INSTRUCTIONS TO FOLLOW: Each entry below is to be written out exactly, and the pictures are to be left out.

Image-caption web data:
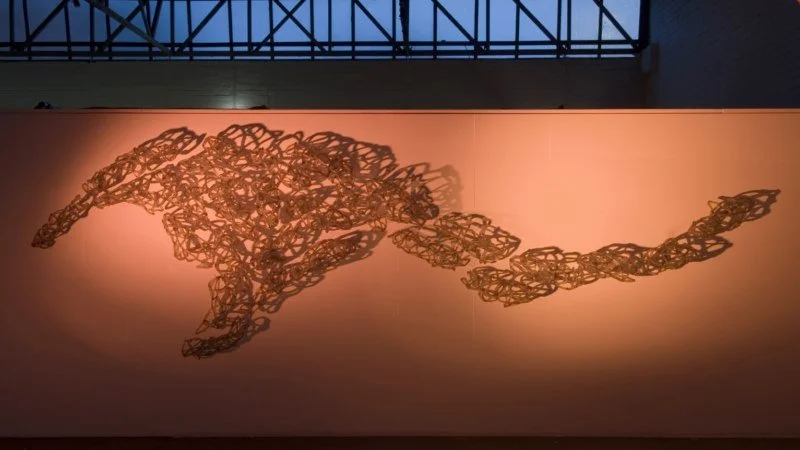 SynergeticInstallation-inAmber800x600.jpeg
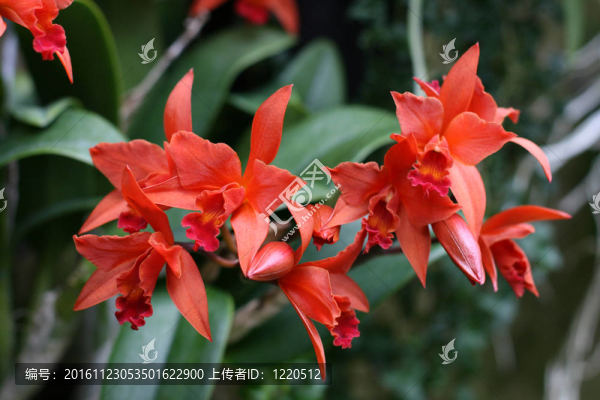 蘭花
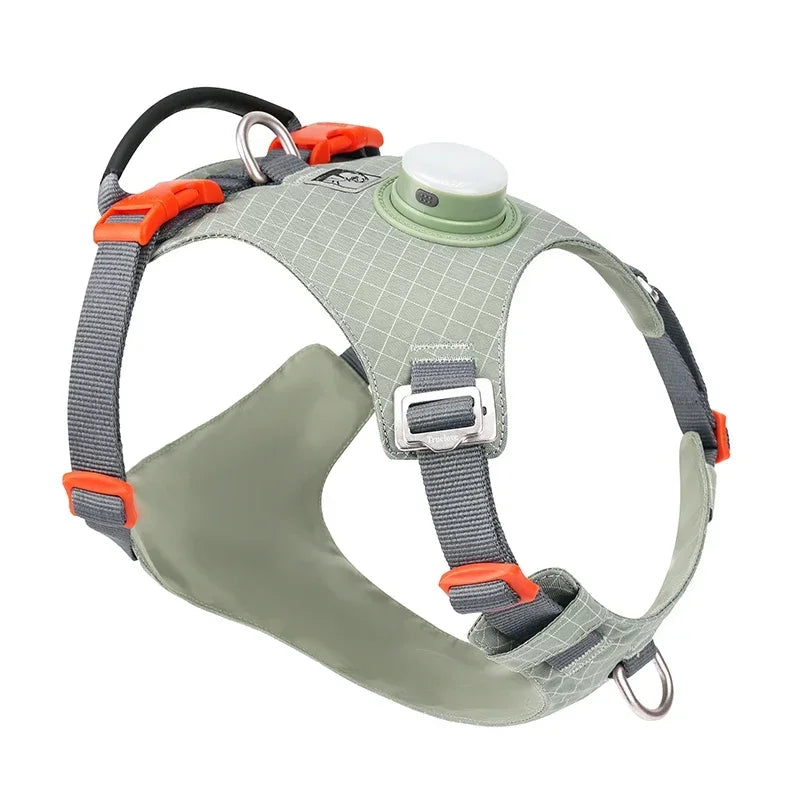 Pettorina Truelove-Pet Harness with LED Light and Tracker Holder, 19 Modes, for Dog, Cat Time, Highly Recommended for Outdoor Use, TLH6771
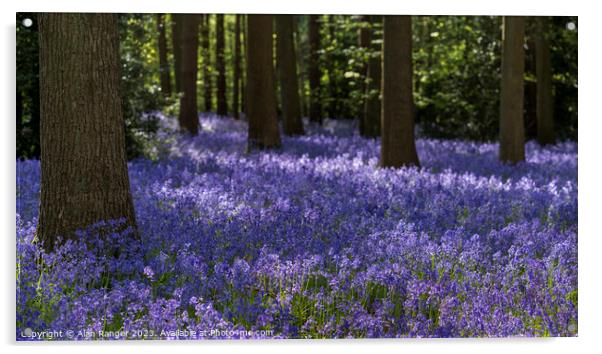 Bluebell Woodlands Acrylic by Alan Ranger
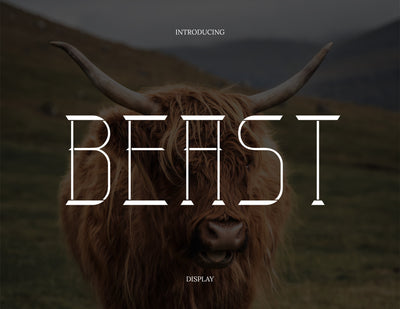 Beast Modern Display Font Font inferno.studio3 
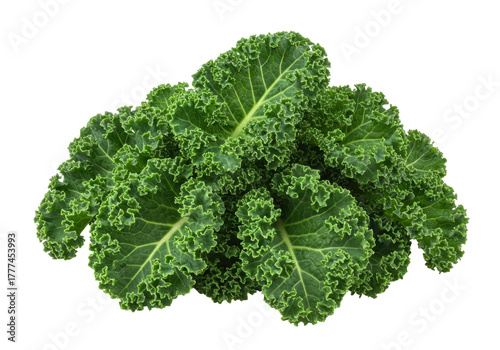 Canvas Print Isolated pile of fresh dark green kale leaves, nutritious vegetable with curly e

YOUR RESPONSE:
 SynergeticInstallation-inAmber800x600.jpeg
 蘭花
 Pettorina Truelove-Pet Harness with LED Light and Tracker Holder, 19 Modes, for Dog, Cat Time, Highly Recommended for Outdoor Use, TLH6771
 Bluebell Woodlands Acrylic by Alan Ranger
 Beast Modern Display Font Font inferno.studio3 
 Canvas Print Isolated pile of fresh dark green kale leaves, nutritious vegetable with curly e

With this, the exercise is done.